В свою очередь, он с ними и очень щедро расплачивался, потом что во всех возникающих конфликтах он затрачивал огромное количество своих сил для того, чтобы развеселить людей. Мог спеть, отвлечь, рассказать шутки, анекдоты, чудовищные какие-то истории, над которыми все хохотали. Это никаким штатным расписанием не предусматривается, а эффект на работоспособность огромный.
Наверное, на восемьдесят процентов Жеглов действует в картине вместе с Шараповым. Артист Высоцкий проводил, наверное, половину времени, объясняя заслуженному артисту УССР Конкину его задачу в эпизоде, ситуацию в кадре, и показывал, как надо ходить. Надо отдать должное Конкину — он понимал разницу, и слушал Высоцкого. У Высоцкого была поговорка: „Наша работа ничего не стоит" и он очень щедро отдавал свои силы и время, пытаясь как-то подтянуть Конкина к своему уровню. А с другой стороны, у него была высокая художественная корысть: он не мог его бросить на произвол судьбы — мол, как хочешь, так и снимайся. Он понимал, что разрыв между ними, если он не будет Конкиным руководить и затрачивать на него половину своего времени, возникнет такой громадный, что достоверность его собственной роли, эффект художественного произведения будет подрезан.
Высоцкий заставлял работать всю группу в два раза быстрее, потому что сам торопился.

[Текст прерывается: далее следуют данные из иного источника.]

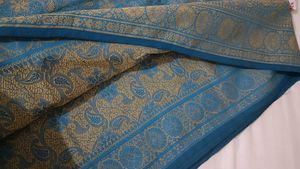 Elegant Blue Saree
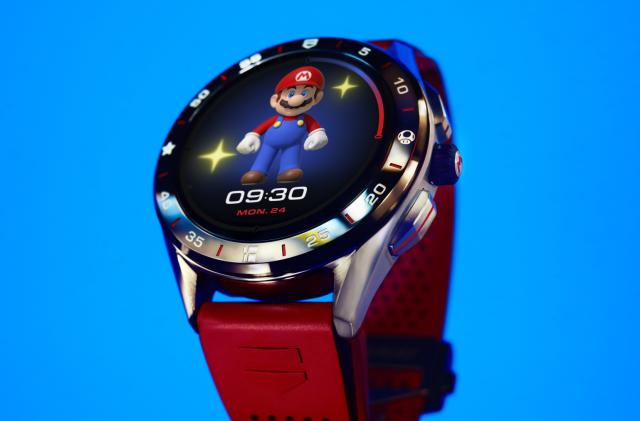 Tag Heuer Mario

У него всегда остро не хватало времени. Он всё делал очень быстро, передвигался почти бегом, ездил на машине так, что одна машина всегда у него была разбита.

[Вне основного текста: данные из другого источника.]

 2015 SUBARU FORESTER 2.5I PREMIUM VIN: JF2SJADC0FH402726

Надо отметить одно важное обстоятельство: Высоцкий очень точно понимал социальную роль Жеглова… Такой яркий и сильный человек, как Жеглов, при определённых исторических предпосылках, предоставленный своим инстинктам и своему пониманию правосознания, превращается из обуха, при помощи которого держали в узде преступность, в кистень против людей порядочных.
Когда был закончен монтаж, черновая сборка, то там было фактически семь серий. Но поскольку было твёрдо оговорено договором, что будет только пять серий, две серии пришлось уничтожить. Это жалко, конечно. Когда вместо семи серий пришлось монтировать всё-таки пять, то режиссёр не имел указаний, какие конкретно сцены надо выкидывать. Это было на его усмотрение, был приделан только метраж. И то, что он оставил за рамками картины, в принципе, по качеству уступает тому, что в ней осталось» [132].